*** INPUT

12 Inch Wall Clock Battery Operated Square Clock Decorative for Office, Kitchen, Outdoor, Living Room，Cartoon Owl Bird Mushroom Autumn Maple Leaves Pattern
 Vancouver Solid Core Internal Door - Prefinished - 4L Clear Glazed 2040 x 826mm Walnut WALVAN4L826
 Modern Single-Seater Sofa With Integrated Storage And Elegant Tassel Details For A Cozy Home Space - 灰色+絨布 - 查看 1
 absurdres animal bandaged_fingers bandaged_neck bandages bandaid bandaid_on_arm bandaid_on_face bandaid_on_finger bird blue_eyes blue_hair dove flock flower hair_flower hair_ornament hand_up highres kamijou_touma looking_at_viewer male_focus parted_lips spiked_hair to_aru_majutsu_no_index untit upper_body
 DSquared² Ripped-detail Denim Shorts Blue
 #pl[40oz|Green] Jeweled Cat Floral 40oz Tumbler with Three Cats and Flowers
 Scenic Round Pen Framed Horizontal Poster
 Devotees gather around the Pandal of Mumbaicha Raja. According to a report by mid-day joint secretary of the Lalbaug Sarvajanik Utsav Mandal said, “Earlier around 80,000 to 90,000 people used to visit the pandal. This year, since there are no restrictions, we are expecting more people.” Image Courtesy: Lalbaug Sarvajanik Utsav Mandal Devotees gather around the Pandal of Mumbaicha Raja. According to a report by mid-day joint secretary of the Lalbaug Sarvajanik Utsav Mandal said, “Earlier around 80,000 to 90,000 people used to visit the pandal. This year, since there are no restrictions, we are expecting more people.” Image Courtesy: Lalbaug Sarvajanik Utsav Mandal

******

* [WHAT TO DO]:
Beginning at the line with "Vancouver Solid Core" and ending at the line with "Modern Single-Seater Sofa", reproduce each line of the data above exactly, and add no other lines.

* [OUTPUT FOR THIS EXERCISE]:
 Vancouver Solid Core Internal Door - Prefinished - 4L Clear Glazed 2040 x 826mm Walnut WALVAN4L826
 Modern Single-Seater Sofa With Integrated Storage And Elegant Tassel Details For A Cozy Home Space - 灰色+絨布 - 查看 1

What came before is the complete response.